Amendments to the Federal Rules of Appellate Procedure are set to take effect on December 1, 2016. The proposed amendments that have received the most attention reduce the maximum length of various filings. For example, in cases where no cross appeal has been taken, amended Rule 37 will reduce the word limit for principal briefs from 14,000 to 13,000 words. In the case of a cross-appeal, the limit for an appellee's principal and response brief under amended Rule 28.1 will be reduced from 16,500 words to 15,300 words. The new limits can be found in a new appendix to the Rules. Additional word limit changes apply to Rules 5, 21, 27, 28.1, 29, 32, 35, and 40, which govern, among other things, petitions for permission to appeal, appellate motions, amicus briefs, and rehearing petitions. Amended Rule 32(e) will explicitly allow courts to implement local rules that increase these limits. For example, the Ninth Circuit has adopted changes to its local rules that will maintain the pre-amendment word limits for briefs.
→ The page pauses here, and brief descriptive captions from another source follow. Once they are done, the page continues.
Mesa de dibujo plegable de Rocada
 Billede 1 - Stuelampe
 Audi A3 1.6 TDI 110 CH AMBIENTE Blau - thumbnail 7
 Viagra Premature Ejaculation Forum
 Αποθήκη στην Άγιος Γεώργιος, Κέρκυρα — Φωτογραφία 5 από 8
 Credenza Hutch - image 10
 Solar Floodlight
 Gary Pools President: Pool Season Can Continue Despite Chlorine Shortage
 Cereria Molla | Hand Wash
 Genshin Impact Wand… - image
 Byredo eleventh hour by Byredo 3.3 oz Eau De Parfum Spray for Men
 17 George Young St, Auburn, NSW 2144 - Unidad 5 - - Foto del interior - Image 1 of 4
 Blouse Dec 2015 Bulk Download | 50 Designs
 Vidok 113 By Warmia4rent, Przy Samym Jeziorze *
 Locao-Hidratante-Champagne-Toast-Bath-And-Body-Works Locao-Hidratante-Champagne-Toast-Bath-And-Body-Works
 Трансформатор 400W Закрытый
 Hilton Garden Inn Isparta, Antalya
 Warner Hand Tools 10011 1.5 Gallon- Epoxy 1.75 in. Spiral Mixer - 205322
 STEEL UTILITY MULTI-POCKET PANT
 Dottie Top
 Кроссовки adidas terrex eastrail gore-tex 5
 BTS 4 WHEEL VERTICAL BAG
Besides decreasing word limitations, the amended rules also contain one significant decrease in time: the three-day grace period for responding to papers that were filed by electronic means will be removed. This amendment to Rule 26(c) treats electronically filed papers "as delivered on the date of service stated in the proof of service." In other words, documents served and received through a court's electronic case filing system, the most common way that documents are served today, will be treated the same as documents served by personal delivery. A similar change is being made to Rule 6 of the Federal Rules of Civil Procedure, which governs filings in federal trial courts.

Additionally, the proposed amendment to Rule 4(a)(4)(A) resolves a circuit split over the time for filing a notice of appeal when a motion that is untimely under the Federal Rules of Civil Procedure has been filed with the district court. The new version of Rule 4 rejects the Sixth Circuit's rule that the clock for filing a notice of appeal may be reset by filing a late motion that the district court addresses on the merits. The Committee Note explains that such motions—and the notice of appeal that follows—are late regardless of a district court's order that permits an untimely motion, the district court's disposition of the motion on the merits, or opposing counsel's consent or failure to object on timeliness grounds. One other noteworthy amendment concerns Rule 29, which governs filings by amici. The amended rule will add a new subsection that specifies the rules for "amicus filings during a court's consideration of whether to grant panel rehearing or rehearing en banc, unless a local rule or order in a case provides otherwise." The new provisions include word limits for such briefs (2,600), as well as deadlines (which depend on whether the brief supports or opposes the petition for panel or en banc rehearing).

In sum, it is time to dust off the blue pencils and reset the filing clocks. Appellate practitioners must prepare to do more with less.